What is expected: Return the records exactly as they appear below, omitting the pictures.

[Start of section]

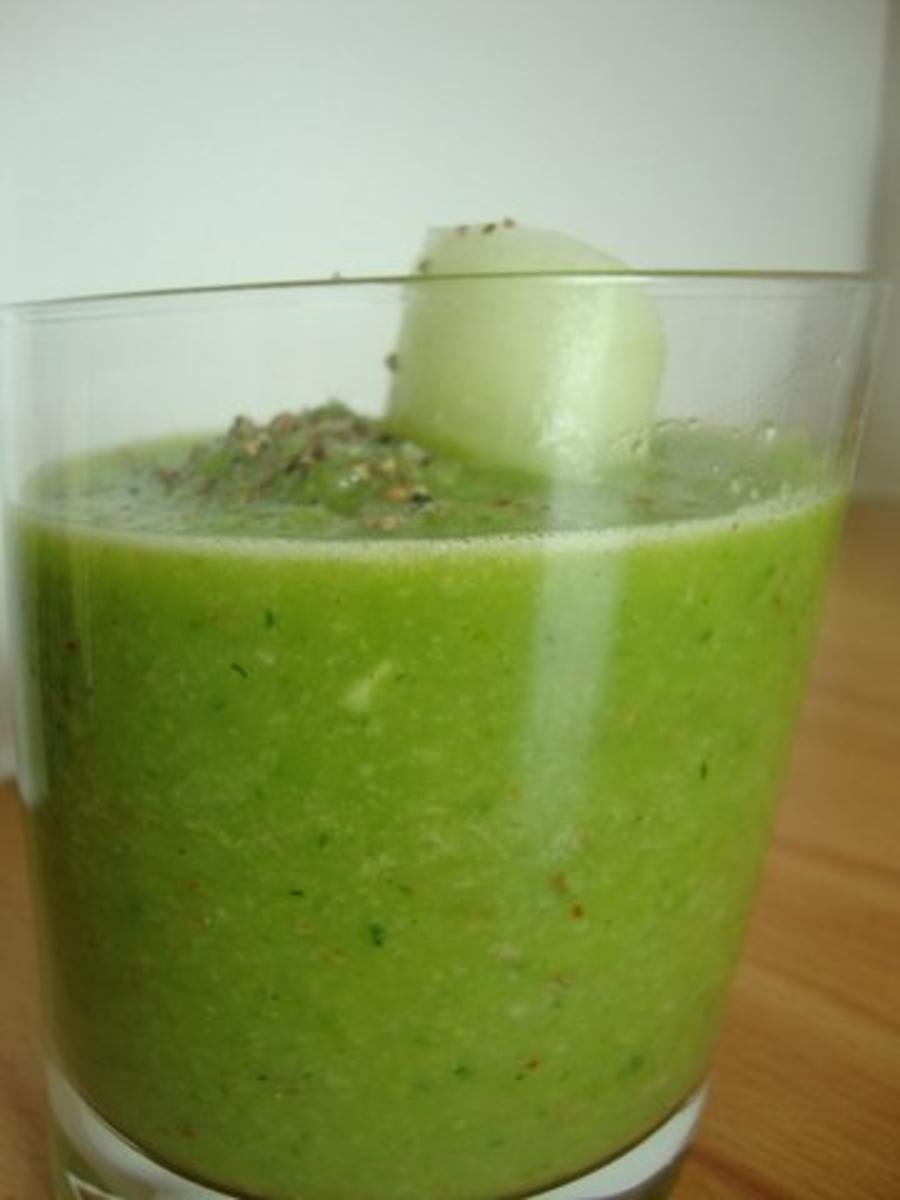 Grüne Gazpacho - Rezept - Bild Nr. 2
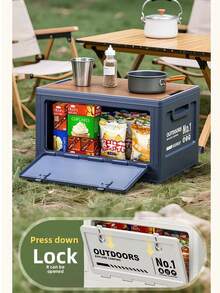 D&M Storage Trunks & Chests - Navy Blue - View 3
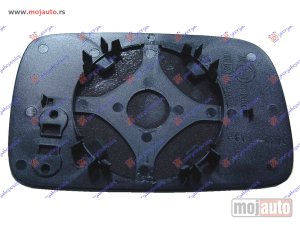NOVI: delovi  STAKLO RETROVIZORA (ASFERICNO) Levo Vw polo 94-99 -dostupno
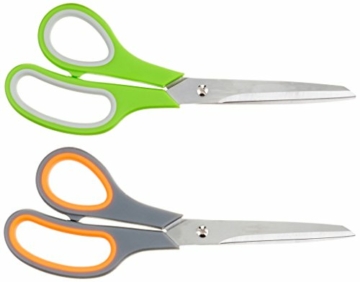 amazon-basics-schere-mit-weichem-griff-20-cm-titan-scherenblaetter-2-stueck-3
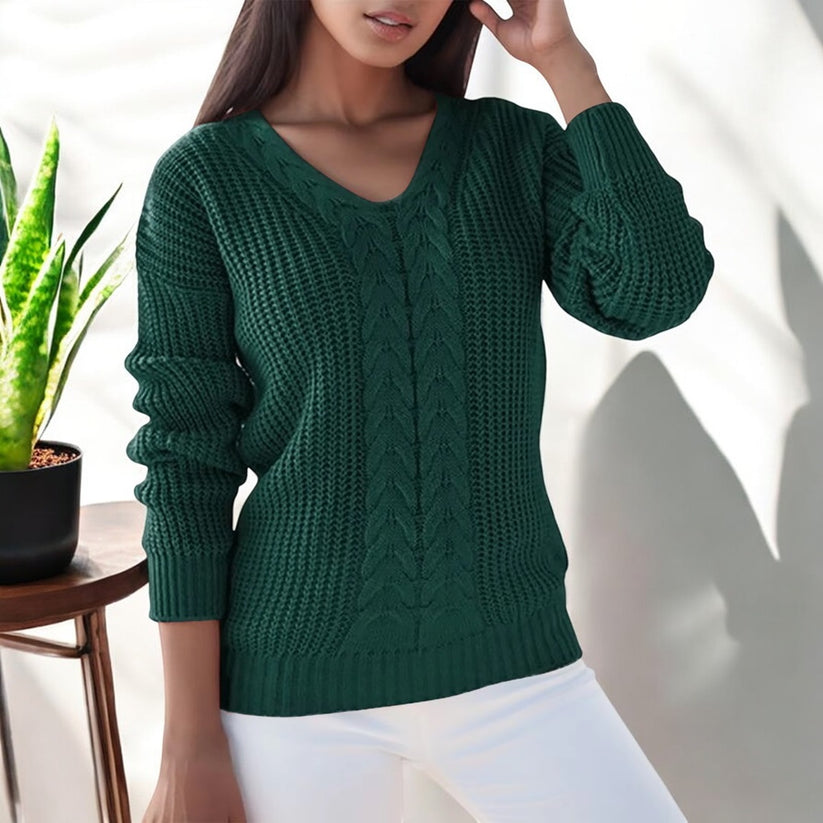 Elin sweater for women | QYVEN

[End of section]

Result for this task:
 Grüne Gazpacho - Rezept - Bild Nr. 2
 D&M Storage Trunks & Chests - Navy Blue - View 3
NOVI: delovi  STAKLO RETROVIZORA (ASFERICNO) Levo Vw polo 94-99 -dostupno
 amazon-basics-schere-mit-weichem-griff-20-cm-titan-scherenblaetter-2-stueck-3
 Elin sweater for women | QYVEN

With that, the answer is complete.